More city fees? Some Chicagoans feeling fleeced

October 12, 2011 8:28:01 PM PDT
Some drivers will not only pay more to park, but they'll get hit twice under Mayor Rahm Emanuel's plan if they drive SUVs and trucks. Then there's the big hike in how much everyone will pay for water. ABC7 went out to hear what Chicago residents think about the mayor's proposed budget.

At the Chicago Auto Center, water is the main ingredient for the car wash business. Now, businesses and residents will see their bills jump 25 percent next year.

"Our prices are going to have to go up at some point to help balance it all out. It's not going to make the customers happy, nobody is going to be happy," said Demetrios Rizos, Chicago Auto Center.

And that's not all. There will be a 15 percent increase for each of the three following years. The money will be used to overhaul the city's century old water and sewer lines.

If you have meter installed for free, the city's water departments says that could save you money.

"I think the metered system, at the end of the day, is going to encourage conservation nd encourage folks to be more conscious of the resources that we're using," said Commissioner Michael Alvarez, Metropolitan Water Reclamation District.

If you drive a truck or SUV, your city sticker will cost another $15 bucks, jumping from $120 to $135.
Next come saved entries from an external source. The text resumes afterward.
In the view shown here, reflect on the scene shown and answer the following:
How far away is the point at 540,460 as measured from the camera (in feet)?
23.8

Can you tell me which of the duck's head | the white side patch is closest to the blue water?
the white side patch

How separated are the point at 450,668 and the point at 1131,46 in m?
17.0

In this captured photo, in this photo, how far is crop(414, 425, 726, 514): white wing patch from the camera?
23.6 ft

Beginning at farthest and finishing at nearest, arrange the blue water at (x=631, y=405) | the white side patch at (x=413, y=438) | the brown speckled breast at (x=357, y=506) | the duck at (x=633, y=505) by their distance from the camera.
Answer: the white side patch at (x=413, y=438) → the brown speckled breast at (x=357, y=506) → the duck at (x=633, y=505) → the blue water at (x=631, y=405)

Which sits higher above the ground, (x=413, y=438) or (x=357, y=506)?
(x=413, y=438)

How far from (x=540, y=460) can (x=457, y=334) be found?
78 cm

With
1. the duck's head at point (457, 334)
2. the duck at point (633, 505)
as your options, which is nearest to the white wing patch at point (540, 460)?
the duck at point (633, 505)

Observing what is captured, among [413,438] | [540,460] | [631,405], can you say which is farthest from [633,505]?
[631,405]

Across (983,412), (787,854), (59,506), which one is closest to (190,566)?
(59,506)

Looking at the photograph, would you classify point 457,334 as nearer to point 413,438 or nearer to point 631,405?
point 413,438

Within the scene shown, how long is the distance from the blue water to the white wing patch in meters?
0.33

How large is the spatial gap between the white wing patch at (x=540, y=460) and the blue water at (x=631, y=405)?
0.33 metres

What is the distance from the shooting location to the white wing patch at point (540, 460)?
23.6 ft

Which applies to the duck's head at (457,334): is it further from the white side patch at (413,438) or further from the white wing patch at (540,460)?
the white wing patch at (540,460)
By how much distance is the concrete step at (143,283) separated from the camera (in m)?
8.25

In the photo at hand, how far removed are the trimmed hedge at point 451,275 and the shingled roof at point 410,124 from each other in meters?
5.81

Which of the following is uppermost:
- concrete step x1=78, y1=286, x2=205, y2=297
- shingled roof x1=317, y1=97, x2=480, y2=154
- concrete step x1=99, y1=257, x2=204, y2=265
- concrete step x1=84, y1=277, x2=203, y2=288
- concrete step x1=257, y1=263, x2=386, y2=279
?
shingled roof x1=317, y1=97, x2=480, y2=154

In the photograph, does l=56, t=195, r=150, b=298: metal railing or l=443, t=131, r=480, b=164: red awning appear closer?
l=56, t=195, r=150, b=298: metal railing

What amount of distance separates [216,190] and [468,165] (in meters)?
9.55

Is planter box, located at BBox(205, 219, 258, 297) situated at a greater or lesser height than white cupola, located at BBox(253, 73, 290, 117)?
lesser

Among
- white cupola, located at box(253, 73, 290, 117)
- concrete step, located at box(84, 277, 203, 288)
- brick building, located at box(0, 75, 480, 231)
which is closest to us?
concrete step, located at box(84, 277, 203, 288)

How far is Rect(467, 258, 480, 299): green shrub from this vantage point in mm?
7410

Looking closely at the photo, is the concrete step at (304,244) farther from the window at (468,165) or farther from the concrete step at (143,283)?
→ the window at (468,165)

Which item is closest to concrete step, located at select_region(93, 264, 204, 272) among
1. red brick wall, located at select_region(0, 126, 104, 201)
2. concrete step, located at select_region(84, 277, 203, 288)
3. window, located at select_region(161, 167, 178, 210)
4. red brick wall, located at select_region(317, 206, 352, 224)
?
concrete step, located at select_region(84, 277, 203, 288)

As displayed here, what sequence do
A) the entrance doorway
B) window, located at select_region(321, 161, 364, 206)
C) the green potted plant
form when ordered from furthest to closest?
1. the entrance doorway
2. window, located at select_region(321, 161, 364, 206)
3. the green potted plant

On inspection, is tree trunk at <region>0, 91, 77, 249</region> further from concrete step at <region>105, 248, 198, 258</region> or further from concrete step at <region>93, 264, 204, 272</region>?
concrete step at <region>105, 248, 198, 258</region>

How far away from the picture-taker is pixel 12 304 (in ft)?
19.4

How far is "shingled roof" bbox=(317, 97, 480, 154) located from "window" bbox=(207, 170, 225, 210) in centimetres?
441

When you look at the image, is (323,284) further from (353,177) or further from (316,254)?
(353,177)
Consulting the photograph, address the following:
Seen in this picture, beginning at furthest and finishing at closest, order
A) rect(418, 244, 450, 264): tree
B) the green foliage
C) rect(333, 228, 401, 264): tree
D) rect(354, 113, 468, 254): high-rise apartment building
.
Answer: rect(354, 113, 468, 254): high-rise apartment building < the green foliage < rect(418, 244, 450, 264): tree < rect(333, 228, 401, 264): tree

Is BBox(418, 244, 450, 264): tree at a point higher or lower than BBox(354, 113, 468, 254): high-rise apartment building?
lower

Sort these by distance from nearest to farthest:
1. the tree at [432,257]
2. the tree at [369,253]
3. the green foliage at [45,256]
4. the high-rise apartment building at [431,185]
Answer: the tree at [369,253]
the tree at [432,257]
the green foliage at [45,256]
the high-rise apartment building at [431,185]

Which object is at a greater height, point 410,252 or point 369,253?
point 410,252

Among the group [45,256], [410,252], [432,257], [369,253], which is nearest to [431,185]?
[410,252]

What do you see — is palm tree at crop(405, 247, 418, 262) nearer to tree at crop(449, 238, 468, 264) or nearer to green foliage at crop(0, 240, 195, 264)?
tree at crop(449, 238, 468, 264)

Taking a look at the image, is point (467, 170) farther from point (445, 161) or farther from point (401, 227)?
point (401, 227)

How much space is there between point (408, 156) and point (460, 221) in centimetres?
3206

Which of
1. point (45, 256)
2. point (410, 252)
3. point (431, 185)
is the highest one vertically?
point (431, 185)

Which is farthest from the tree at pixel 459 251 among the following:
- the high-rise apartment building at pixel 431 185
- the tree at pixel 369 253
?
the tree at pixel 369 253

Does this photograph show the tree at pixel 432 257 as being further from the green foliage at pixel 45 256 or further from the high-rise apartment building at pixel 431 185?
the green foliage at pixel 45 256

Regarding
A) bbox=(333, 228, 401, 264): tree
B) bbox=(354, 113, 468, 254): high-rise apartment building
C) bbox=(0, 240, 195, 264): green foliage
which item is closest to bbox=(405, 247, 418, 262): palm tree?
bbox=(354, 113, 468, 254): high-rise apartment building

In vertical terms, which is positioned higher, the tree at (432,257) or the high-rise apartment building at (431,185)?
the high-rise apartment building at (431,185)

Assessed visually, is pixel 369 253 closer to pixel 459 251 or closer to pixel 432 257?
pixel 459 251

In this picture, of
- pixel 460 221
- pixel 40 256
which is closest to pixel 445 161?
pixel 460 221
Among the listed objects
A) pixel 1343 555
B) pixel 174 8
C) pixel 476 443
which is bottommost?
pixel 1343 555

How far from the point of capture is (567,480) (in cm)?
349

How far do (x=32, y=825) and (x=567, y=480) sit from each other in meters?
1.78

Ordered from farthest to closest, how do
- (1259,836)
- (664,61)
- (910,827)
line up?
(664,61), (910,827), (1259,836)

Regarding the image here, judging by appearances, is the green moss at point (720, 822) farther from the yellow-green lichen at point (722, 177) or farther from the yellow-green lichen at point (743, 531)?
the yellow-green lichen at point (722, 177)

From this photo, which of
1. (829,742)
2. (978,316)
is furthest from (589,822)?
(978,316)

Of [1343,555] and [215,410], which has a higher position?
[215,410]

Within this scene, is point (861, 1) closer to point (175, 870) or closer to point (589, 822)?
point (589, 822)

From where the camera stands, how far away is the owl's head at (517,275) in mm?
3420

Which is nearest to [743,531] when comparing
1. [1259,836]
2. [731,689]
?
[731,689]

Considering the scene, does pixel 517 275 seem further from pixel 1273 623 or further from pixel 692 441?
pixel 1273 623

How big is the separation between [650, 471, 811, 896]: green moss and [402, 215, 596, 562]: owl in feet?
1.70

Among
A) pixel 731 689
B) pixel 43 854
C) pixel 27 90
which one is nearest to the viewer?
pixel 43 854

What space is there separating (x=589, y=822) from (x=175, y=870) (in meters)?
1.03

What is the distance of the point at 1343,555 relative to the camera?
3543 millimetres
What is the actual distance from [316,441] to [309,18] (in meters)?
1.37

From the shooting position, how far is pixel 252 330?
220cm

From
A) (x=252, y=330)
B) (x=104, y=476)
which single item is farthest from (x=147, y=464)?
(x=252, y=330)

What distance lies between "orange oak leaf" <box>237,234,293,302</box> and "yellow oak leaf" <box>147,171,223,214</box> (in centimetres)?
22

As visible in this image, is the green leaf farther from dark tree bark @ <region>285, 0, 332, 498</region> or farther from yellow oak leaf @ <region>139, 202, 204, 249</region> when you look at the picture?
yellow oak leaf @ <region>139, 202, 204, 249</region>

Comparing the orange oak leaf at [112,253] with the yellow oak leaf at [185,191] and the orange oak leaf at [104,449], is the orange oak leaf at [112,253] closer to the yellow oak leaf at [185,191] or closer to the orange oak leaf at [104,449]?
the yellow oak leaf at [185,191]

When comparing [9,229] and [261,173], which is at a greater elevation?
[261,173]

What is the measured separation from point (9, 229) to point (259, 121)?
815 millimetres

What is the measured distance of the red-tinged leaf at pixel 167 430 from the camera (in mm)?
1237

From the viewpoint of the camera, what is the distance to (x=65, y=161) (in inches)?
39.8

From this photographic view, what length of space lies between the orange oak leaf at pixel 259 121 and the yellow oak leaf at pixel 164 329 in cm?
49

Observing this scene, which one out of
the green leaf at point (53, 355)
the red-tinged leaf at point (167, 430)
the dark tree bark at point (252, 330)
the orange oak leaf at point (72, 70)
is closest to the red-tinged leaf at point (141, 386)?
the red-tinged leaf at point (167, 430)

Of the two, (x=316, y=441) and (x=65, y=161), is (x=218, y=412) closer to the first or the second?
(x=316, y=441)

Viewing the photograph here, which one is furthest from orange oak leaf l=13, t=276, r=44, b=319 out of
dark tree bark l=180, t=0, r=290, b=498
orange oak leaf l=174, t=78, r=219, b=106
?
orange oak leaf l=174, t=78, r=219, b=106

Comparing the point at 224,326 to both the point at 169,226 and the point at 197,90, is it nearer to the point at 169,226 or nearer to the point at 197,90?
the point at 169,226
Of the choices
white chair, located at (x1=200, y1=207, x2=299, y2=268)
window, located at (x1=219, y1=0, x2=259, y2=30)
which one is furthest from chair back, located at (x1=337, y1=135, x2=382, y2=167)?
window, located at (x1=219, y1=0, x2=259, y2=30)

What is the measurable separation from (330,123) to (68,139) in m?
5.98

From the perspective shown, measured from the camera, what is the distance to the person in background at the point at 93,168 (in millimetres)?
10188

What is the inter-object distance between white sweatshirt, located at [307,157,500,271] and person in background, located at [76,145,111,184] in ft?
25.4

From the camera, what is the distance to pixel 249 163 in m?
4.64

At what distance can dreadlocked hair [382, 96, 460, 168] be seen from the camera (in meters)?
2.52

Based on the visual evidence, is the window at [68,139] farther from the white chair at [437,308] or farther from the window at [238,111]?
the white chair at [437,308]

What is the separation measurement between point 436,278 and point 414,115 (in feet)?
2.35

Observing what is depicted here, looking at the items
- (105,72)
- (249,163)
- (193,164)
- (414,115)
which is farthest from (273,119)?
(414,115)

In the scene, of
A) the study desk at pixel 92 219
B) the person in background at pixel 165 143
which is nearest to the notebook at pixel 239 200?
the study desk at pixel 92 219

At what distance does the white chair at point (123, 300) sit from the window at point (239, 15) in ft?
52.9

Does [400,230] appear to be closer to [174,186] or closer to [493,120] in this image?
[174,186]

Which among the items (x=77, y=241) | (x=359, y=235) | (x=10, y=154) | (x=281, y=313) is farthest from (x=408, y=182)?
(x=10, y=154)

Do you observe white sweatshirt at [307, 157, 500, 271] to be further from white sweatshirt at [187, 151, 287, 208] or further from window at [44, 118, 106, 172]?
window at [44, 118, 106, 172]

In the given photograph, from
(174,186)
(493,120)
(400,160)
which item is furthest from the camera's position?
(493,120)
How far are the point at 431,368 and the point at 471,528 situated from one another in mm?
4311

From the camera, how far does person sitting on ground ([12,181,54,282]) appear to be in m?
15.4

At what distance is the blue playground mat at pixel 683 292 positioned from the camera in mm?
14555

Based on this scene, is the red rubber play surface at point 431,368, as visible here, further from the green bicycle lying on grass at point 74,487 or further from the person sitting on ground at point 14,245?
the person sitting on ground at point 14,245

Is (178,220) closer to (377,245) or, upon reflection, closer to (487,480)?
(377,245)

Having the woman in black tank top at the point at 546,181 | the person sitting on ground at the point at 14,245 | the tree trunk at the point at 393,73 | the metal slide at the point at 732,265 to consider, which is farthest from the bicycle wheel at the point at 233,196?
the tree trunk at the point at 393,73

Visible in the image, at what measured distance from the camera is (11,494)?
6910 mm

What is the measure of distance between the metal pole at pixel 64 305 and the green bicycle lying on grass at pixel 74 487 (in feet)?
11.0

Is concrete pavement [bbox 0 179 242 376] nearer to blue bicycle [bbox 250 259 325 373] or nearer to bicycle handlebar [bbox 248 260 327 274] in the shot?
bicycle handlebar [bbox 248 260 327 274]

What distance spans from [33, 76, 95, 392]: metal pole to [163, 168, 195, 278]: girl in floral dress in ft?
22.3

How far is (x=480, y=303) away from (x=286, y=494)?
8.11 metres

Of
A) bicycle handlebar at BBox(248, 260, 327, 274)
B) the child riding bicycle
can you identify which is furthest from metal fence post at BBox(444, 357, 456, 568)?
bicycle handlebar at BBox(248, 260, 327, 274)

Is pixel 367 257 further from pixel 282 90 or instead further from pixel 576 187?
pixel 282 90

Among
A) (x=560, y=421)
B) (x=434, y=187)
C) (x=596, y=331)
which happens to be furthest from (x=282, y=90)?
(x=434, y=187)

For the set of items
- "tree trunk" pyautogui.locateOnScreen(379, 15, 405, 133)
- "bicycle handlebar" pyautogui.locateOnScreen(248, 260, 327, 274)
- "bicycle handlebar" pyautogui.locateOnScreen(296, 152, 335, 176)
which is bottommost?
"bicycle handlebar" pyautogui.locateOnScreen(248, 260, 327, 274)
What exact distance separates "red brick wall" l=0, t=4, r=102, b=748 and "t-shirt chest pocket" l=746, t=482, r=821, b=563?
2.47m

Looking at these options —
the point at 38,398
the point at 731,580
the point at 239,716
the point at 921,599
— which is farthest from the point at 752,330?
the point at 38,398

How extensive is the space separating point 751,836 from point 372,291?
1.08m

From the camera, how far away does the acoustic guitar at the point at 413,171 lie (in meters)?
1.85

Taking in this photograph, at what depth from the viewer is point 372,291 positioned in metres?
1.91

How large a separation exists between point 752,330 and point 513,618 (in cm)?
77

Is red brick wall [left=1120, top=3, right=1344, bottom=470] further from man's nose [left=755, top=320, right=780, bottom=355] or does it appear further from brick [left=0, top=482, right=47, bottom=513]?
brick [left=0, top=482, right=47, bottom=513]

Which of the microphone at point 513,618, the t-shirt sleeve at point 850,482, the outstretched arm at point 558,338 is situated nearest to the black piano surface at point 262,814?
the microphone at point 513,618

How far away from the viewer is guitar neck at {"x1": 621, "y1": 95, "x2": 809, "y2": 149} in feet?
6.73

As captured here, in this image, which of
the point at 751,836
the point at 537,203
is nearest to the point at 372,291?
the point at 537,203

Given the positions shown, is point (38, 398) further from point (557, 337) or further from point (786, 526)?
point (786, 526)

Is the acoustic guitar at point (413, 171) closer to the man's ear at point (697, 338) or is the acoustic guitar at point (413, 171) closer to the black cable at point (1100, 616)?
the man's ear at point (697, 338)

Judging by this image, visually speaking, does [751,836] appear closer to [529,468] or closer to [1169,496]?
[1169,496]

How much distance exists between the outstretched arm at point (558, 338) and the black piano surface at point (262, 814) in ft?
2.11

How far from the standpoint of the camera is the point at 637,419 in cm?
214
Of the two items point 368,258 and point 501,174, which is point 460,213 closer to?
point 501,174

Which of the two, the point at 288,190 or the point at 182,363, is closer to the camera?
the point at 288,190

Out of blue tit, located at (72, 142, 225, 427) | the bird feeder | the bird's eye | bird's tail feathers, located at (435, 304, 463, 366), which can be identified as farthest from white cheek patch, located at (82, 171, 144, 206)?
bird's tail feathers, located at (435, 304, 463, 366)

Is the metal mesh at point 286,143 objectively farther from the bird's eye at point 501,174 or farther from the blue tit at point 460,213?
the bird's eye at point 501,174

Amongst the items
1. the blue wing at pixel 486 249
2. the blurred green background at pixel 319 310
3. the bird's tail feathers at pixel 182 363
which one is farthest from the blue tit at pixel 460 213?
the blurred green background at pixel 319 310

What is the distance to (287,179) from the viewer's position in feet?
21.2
The city reports that SUVs and trucks cause 80 percent of the street damage. SUV owners point out that all drivers use the roads.

"Everybody can bear the burden of couple dollars more. If you can afford a car, you can afford $3-4 more," said Chris Kraft, SUV driver.

For drivers like Kraft, it's a double whammy if you park in a downtown parking garage. Everyone who uses a downtown parking garage will pay more. Daily users will pay an additional $2 to $5 during weekdays. If you pay more than $240 for monthly parking, tag on another $60 to $100 a month.

"I worry about whether or not it will affect the tourism industry in downtown," said Matt Smith, driver.

The hotel tax is jumping from 3.5 to 4.5 percent too. But property and sales taxes, at least for now, will not increase.